Maria Rosaria Valentini, Magnifica, Sellerio 2016, pp. 274, euro 16

Una penna d’oro indispensabile per scrivere storie lasciata in dono da un figlio che se n’è andato, personaggi (femminili, quelli protagonisti) che sembrano sfumare l’uno nell’altro più che distinguersi in una sequenza. Ma non è questo che disorienta alle prime pagine: sono i luoghi.
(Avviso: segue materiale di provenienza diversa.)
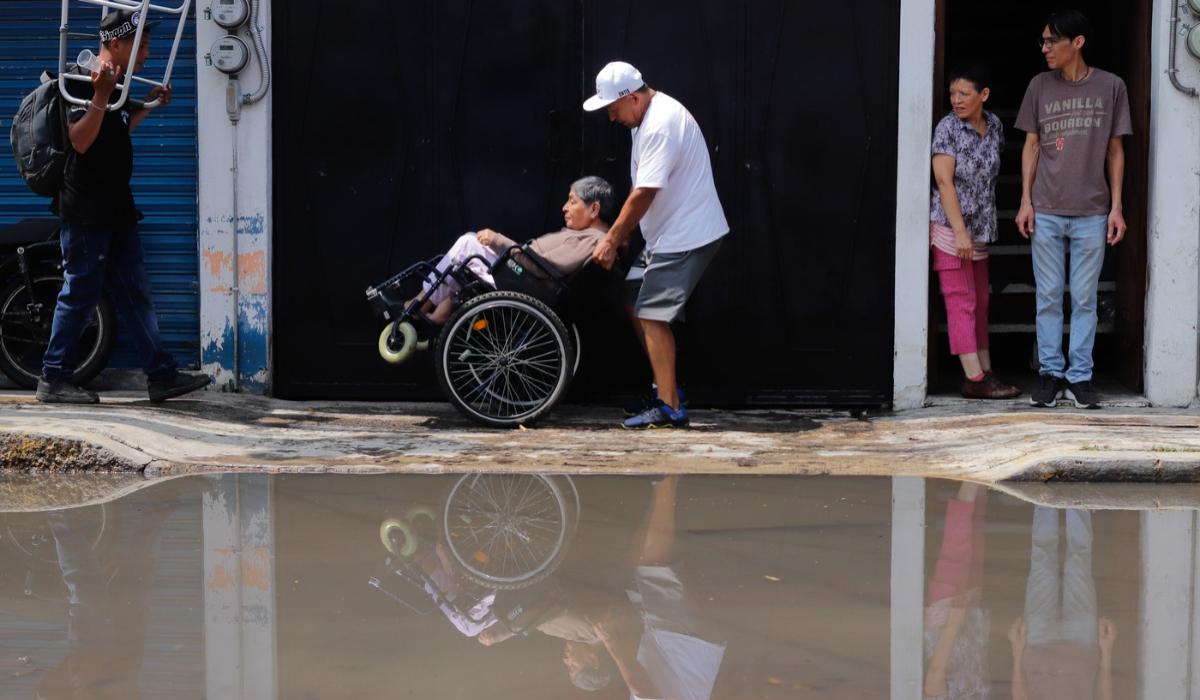 Inundaţii şi alunecări de teren de proporţii în Mexic. Cel puţin 41 de persoane au murit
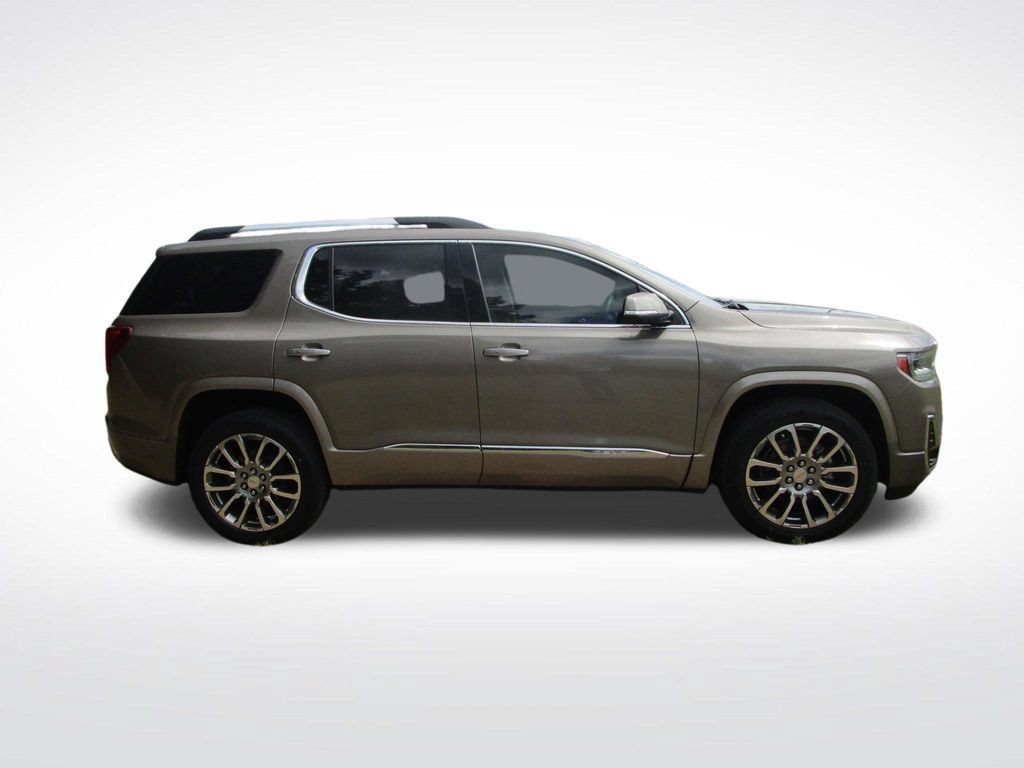 Used 2023 GMC Acadia Denali w/ Denali Ultimate Package FWD image 9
La storia prende il passo che ti aspetti, ma ti fa entrare poco alla volta. I luoghi sembra non ti accolgano, all’inizio, e la lingua – con tutte quelle immagini, e metafore che più che ardite suonano a volte stralunate – sembra imporsi, occupare troppo lo spazio della narrazione. Poi, però, capisci che non bisogna dar troppo peso a questi svoli di parole, come agli abbellimenti in certa musica barocca, e allora il filo del racconto emerge, discretamente si fa seguire, e cominci a vederli, i luoghi. Ci entri poco alla volta: come accade quando ti addentri nell’Appennino. Non quando lo attraversi per andare altrove, correndo sull’autostrada, e lo puoi immaginare uguale alla montagna che conosci, all’Alpe. Quello che si fa avanti, se non vai via, se rallenti e percorri le sue strade, se ti fermi in qualcuno dei suoi paesi, è altro: è l’Appennino “appartato, remoto”, “distante da qualsiasi altra parte del mondo”, dove può capitare di trovarsi “a mezza montagna, in un orizzonte chiuso, circondati da cime più alte” dalle quali tuttavia si può “avvistare il mare, nei giorni più limpidi e fortunati”.
I luoghi sembrano prevalere, in questo romanzo, sulle persone che vi si muovono, e le stagioni sulle vicende. Il Tempo sembra essersi ritirato, come il prato davanti al bosco che riprende spazio. La Storia aver ceduto al mito, e alle sue cadenze di nascite e morti, amori e partenze.